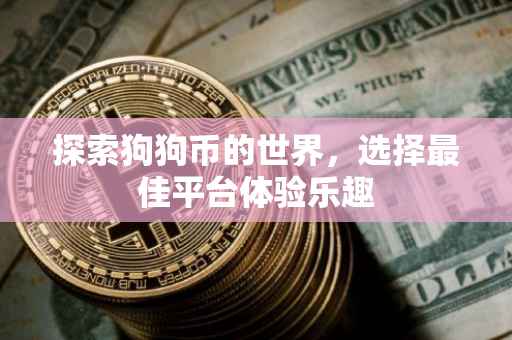 探索狗狗币的世界，选择最佳平台体验乐趣
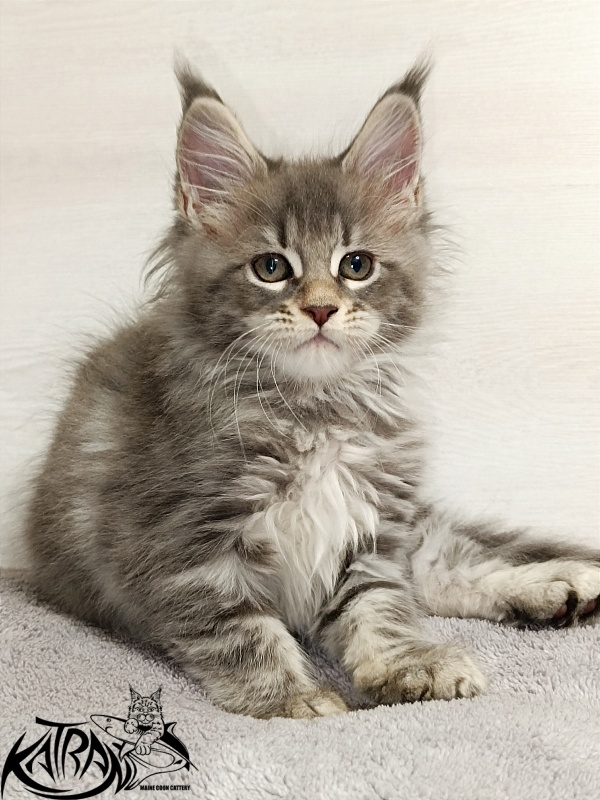 Katran Angela - Кошеня мейн-кун 2 місяця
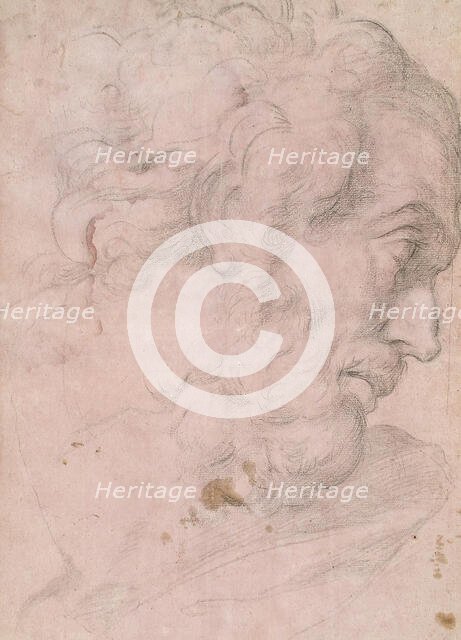 Head of A Bearded Man, between 1596 and 1641. Creator: Giovanni Angelo Canini.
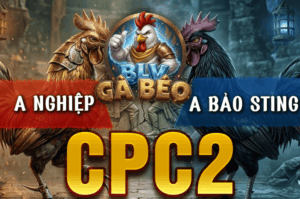 Bảo Sting Chấp 1 Ký Gà Ngay Từ Trận Đầu Tiên Và Cái Kết - Trận 1 Bồ CPC2 24/3/2026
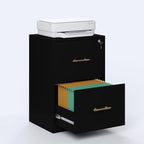 GFGWXW 2 Drawer Vertical File Cabinet - Image 3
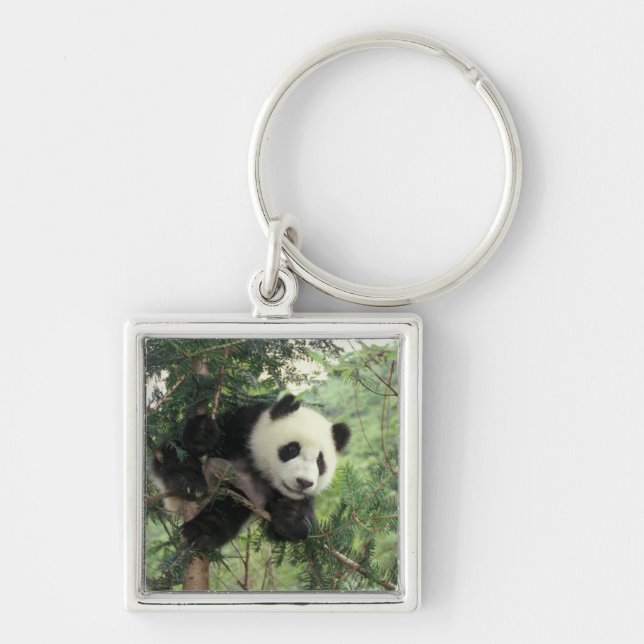 Giant Panda cub climbs a tree, Wolong Valley, Keychain (Front)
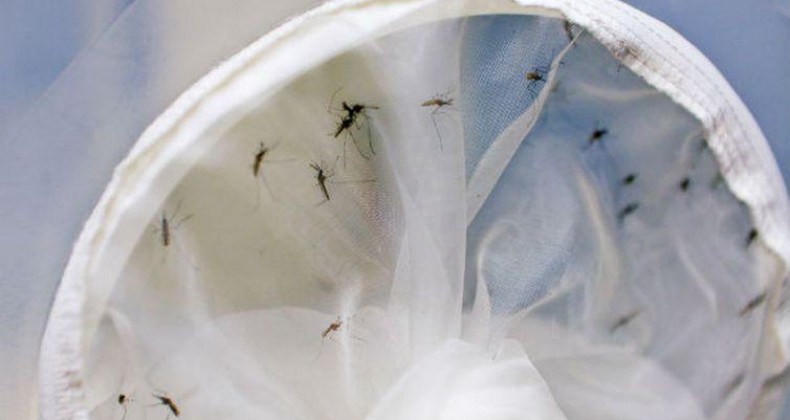 Tem início a Semana Nacional de Combate ao Aedes aegypti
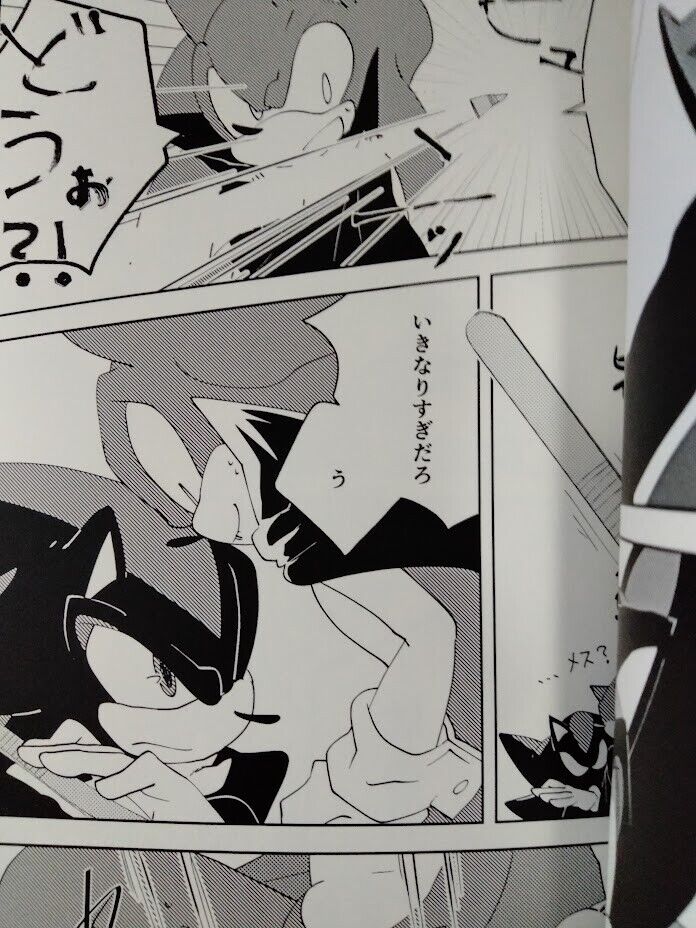 Sonic the Hedgehog Doujinshi Sonic X Shadow (B5 50pages) ROOT8Beat Onsoku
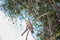 Amazonian eagle standing over the amazon basin in Leticia, Colombia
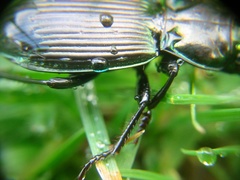 Megadromus antarcticus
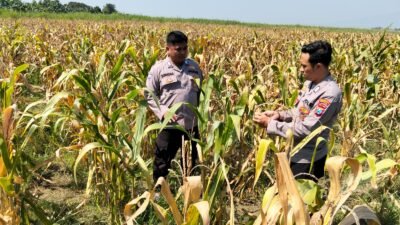 Panen Jagung di Desa Bulang, Polisi Dampingi Petani Sukseskan Ketahanan Pangan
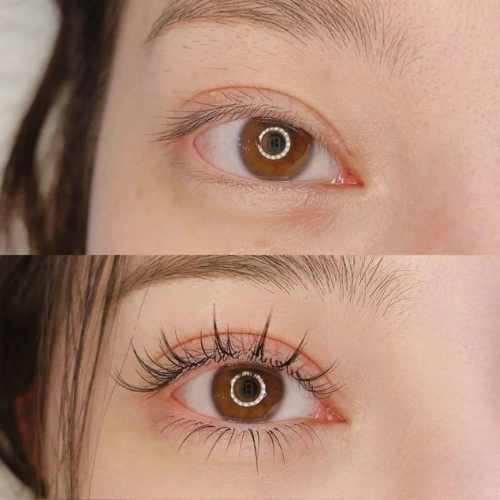 Wispy lash transformation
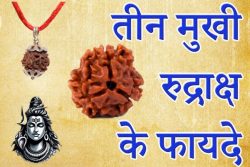 How 3 Mukhi Rudraksha Enhances Your Life: Benefits and Significance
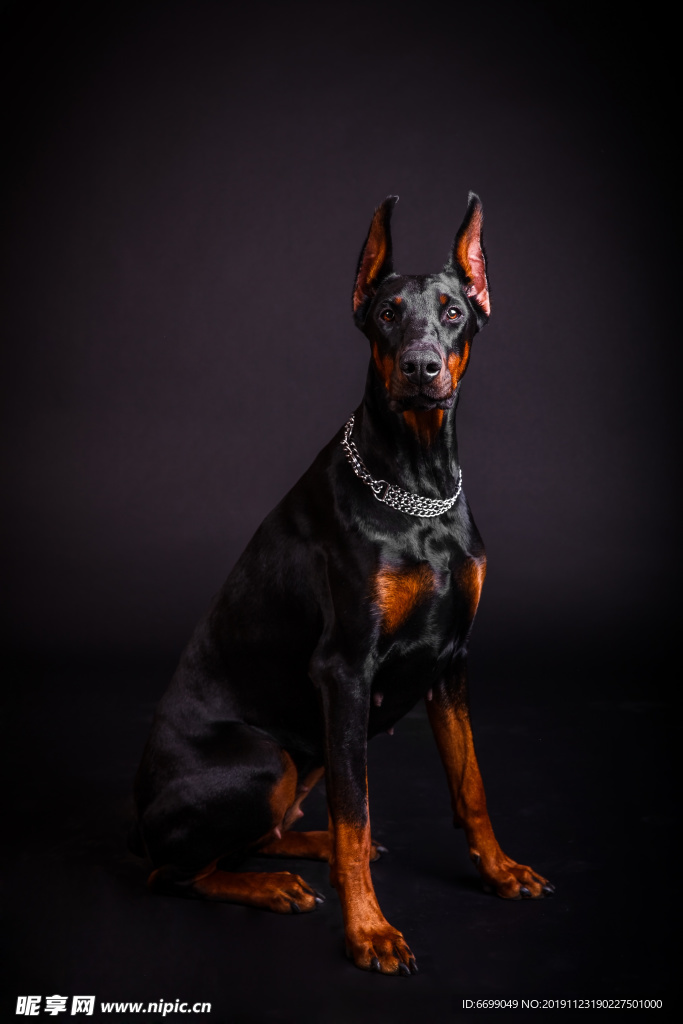 小狗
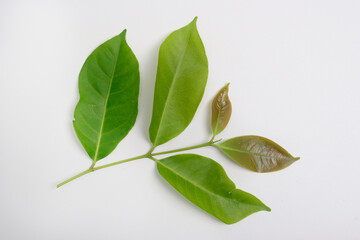 Bay leaf, Syzygium polyanthum, is the name of the tree that produces spice leaves used in Indonesian cooking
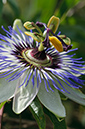 Blue_Passionflower_LP0324_70_Hampton_Court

- **What the task asks**: Write out exactly the run of lines above that starts at the line containing "Katran Angela - Кошеня мейн-кун 2 місяця" and ends at the line containing "GFGWXW 2 Drawer". Include both, and leave the pictures out.

- **Exercise result**:
 Katran Angela - Кошеня мейн-кун 2 місяця
 Head of A Bearded Man, between 1596 and 1641. Creator: Giovanni Angelo Canini.
 Bảo Sting Chấp 1 Ký Gà Ngay Từ Trận Đầu Tiên Và Cái Kết - Trận 1 Bồ CPC2 24/3/2026
 GFGWXW 2 Drawer Vertical File Cabinet - Image 3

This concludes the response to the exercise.